When software engineers prioritise speed of deployment over all other factors in development, the build-up of these ongoing costs is referred to as “technical debt”. The issues arising from fast-builds can take an awful lot of work to fix down the road. However, technical debt is considerably worse for ML systems with the sheer number of tools, languages, techniques and applications a machine learning ecosystem has nurtured. Choosing the best fit out of these hundreds of options and then bringing them together to work seamlessly is a data scientist’s nightmare. The hidden technical debts in an ML pipeline can incur massive maintenance costs.In this blog, I’ll discuss issues I have experienced working as a Data Scientist in fast moving ML teams at companies like Halodoc, Onepanel and Leadics, and also will present ways to solve them, best practices and how Kubeflow can help in solving them for small teams and enterprise companies alike.

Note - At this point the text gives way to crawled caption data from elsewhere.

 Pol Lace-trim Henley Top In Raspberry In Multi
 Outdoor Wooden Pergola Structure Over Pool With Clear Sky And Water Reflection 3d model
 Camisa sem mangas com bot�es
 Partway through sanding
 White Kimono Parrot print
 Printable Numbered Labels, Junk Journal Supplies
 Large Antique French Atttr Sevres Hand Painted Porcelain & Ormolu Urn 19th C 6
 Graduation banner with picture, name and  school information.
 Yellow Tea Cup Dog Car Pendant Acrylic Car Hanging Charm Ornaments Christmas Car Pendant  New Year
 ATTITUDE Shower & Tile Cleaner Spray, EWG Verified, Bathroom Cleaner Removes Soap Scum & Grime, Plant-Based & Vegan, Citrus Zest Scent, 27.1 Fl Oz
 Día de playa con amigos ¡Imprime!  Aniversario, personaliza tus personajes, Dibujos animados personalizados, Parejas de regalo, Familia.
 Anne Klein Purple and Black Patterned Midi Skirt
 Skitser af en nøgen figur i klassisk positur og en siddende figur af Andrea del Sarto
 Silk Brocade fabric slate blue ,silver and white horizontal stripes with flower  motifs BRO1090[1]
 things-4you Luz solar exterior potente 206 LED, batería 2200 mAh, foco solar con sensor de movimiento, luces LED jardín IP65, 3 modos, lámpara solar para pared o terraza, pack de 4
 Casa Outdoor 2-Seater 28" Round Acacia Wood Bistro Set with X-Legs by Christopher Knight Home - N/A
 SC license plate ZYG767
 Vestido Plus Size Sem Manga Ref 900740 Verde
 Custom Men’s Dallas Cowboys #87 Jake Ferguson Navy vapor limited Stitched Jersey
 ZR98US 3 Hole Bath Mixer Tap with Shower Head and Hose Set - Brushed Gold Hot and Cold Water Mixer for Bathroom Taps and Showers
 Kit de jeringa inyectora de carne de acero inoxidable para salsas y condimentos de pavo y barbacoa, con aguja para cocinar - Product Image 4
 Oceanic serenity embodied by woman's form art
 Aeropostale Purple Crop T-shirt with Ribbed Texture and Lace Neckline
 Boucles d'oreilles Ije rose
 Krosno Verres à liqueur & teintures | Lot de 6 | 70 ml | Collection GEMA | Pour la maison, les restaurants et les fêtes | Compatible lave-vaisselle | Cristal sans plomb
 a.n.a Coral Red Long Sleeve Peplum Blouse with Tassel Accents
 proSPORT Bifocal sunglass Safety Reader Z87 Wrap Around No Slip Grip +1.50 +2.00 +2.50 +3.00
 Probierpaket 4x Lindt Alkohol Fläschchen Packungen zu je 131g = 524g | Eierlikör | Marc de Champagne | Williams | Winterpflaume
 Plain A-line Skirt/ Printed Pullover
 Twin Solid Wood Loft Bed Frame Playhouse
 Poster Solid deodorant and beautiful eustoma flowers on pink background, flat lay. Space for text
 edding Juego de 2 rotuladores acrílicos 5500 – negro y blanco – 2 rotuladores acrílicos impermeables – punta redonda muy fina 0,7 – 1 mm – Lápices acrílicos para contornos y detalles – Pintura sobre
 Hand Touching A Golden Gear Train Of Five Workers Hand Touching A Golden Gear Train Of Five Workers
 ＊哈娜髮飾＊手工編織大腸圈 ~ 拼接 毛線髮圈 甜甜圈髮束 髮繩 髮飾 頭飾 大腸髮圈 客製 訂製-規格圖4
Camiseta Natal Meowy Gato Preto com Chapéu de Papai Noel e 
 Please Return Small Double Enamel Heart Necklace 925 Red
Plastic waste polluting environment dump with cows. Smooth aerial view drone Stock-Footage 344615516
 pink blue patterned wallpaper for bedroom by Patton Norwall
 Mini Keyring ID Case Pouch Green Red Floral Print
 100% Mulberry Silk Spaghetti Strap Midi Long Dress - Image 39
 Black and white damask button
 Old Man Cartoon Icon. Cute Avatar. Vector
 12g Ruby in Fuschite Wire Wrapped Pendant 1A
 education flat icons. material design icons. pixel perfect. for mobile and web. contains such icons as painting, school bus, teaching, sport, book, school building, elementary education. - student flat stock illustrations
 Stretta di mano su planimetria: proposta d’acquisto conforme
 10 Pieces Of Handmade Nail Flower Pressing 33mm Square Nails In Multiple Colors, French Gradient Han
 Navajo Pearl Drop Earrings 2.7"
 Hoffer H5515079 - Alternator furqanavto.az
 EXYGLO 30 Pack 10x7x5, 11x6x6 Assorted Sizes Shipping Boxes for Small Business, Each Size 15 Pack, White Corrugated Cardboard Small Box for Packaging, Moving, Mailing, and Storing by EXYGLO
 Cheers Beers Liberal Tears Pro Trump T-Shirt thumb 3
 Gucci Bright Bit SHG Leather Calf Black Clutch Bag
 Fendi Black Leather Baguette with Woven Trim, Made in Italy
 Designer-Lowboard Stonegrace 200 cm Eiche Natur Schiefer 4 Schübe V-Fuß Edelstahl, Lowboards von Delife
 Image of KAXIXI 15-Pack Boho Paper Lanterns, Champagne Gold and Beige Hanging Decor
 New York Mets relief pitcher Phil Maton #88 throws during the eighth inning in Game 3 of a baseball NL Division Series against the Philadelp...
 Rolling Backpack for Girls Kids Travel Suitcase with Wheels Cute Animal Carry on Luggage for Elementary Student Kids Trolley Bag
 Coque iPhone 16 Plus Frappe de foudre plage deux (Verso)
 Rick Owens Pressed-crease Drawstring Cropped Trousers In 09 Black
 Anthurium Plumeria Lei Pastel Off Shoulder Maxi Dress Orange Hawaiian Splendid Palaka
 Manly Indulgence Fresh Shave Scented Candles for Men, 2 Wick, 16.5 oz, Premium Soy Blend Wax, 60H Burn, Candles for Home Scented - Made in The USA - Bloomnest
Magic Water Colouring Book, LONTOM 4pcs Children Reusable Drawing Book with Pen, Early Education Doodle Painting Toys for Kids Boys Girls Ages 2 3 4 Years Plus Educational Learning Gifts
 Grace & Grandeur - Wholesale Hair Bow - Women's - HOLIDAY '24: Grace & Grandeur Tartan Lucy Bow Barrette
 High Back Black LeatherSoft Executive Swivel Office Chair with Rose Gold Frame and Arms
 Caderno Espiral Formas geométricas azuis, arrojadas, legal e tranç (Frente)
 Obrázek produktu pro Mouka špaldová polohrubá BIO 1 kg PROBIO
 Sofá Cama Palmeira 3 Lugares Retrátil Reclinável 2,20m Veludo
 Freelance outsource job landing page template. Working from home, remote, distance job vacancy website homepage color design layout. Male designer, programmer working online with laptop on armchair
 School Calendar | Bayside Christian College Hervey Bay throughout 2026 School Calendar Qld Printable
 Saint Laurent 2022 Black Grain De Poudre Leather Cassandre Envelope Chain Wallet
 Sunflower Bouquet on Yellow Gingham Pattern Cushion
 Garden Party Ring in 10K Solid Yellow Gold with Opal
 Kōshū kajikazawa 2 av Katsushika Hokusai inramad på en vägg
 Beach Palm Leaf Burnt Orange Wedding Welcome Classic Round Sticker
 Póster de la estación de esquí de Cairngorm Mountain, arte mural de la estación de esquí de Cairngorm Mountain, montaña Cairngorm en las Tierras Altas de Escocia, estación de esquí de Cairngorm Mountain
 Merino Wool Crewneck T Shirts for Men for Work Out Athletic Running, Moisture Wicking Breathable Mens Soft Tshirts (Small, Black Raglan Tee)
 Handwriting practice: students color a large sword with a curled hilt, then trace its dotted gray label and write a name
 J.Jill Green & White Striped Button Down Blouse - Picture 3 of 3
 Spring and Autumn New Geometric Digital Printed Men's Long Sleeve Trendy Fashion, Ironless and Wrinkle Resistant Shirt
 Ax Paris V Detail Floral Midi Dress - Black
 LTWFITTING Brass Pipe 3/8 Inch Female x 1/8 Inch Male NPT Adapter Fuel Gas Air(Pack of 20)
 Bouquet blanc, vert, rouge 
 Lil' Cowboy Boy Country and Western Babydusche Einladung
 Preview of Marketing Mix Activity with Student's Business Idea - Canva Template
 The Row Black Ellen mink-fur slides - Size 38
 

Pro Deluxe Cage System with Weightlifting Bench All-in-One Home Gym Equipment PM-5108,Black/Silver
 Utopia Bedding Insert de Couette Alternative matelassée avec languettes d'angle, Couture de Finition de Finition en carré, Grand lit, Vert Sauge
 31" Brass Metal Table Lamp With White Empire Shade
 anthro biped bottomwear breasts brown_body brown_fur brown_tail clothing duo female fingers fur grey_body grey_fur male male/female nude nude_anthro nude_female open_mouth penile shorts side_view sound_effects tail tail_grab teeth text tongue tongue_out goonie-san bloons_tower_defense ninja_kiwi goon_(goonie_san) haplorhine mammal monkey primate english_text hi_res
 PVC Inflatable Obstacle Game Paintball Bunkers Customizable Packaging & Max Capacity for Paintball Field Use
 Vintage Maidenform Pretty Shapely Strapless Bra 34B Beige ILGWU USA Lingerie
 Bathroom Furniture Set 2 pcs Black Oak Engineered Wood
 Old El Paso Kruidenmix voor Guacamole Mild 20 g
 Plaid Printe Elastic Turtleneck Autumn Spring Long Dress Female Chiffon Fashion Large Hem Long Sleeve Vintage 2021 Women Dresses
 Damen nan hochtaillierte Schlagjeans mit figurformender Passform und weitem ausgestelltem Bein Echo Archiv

A Typical Machine Learning project:
Almost any ML project can be described in the following nine steps:
We start by sourcing data, then a data scientist explores and analyzes the data, attempting to derive insights. The raw data is then transformed into valuable features, typically involving scheduling and automation to do this regularly. The resultant features are stored and managed in a feature store, available for the various models and other data scientists to use. As part of the exploration, the data scientist will also build, train, and evaluate multiple models, in most cases hyperparameter tuning is done using Bayesian Optimization, HyperBand etc. Promising models are then stored and deployed into production. The production models are then served and monitored. Typically, there are numerous competing models in production, and choosing between them or evaluating them is done via experimentation or A/B tests and canary deployments. With the learnings of the production models, the data scientist iterates on new features and models.
Typically, data science teams follow a common pattern to develop and deploy ML models:
- A data scientist develops model and training code in siloed notebooks or other coding environments running in local machines, on-premise or cloud infrastructures.
- A data scientist trains the model on data stored in a database or files (csv, txt, images etc).
- A data scientist partners with a backend engineer to deploy the trained model as an inference service.
- The backend engineer creates the API proxies required for applications outside of the project-specific account to call the inference service.
- DevOps and other engineers perform additional steps to meet company specific infrastructure and security requirements.
So, What’s the Problem?
While it’s not immediately obvious, the following hidden problems can cost the team in performance, and effect project deliveries and maintenance in long run:
- The ML development experience can be painful: Data scientists are in many ways expected to be full-stack engineers and to be able to take projects end-to-end. But some of the systems and tools they are provided are either painful to use or immature. Taking a model to production requires active participation from software engineering, DevOps and security alongside the data science team, as no engineer has the skills, software or understanding of the processes to do it alone.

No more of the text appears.